Diamantine accompagne les jeunes créateurs. En quoi cette démarche peut-elle contribuer au renouvellement de la mode marocaine ?Je pense que soutenir les jeunes créateurs est essentiel pour faire évoluer la mode marocaine. Notre patrimoine est une formidable source d’inspiration, il mérite d’être réinterprété par de nouvelles générations, avec leur créativité et leur vision du monde. C’est dans cet esprit que nous avons lancé, en partenariat avec une école de renom, un concours dédié aux jeunes talents.

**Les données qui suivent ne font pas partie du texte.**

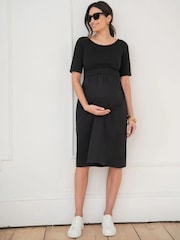 Seraphine Cotton Poplin Maternity Dress with Jersey Black Top - Image 1 of 4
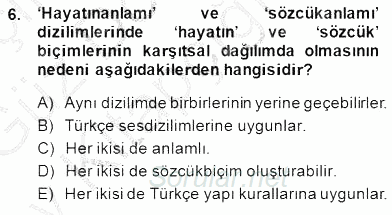 Genel Dilbilim 1 2014 - 2015 Ara Sınavı 6.Soru
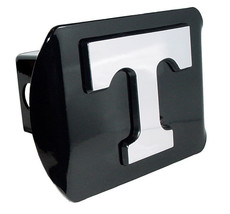 tennessee logo chrome emblem on black trailer hitch cover usa made - £60.10 GBP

Cette initiative leur offre une véritable opportunité d’exprimer leur créativité, de mettre en avant leur savoir-faire et de bénéficier d’un accompagnement concret. Le lauréat présentera très bientôt sa propre collection, et je trouve cela particulièrement important. Donner leur chance aux jeunes créateurs, c’est investir dans l’avenir de la mode marocaine, encourager l’innovation tout en valorisant notre héritage, et permettre à de nouvelles voix d’écrire le prochain chapitre de notre création.
Pensez-vous que cette nouvelle vision du vêtement marocain puisse renforcer le rayonnement du savoir-faire national, au Maroc comme à l’international ?Oui, j’en suis convaincue. Le savoir-faire marocain est d’une richesse exceptionnelle et il mérite d’être vu, porté et reconnu bien au-delà de nos frontières. En proposant une vision plus contemporaine du vêtement marocain, on montre qu’il est à la fois ancré dans son histoire et parfaitement adapté aux modes de vie d’aujourd’hui. Cela permet de toucher une nouvelle génération, au Maroc comme à l’international, tout en mettant en lumière le travail remarquable de nos artisans.
Pour moi, le rayonnement de la mode marocaine passe par cet équilibre : préserver l’authenticité de notre héritage tout en l’inscrivant dans une création actuelle, capable de dialoguer avec le monde.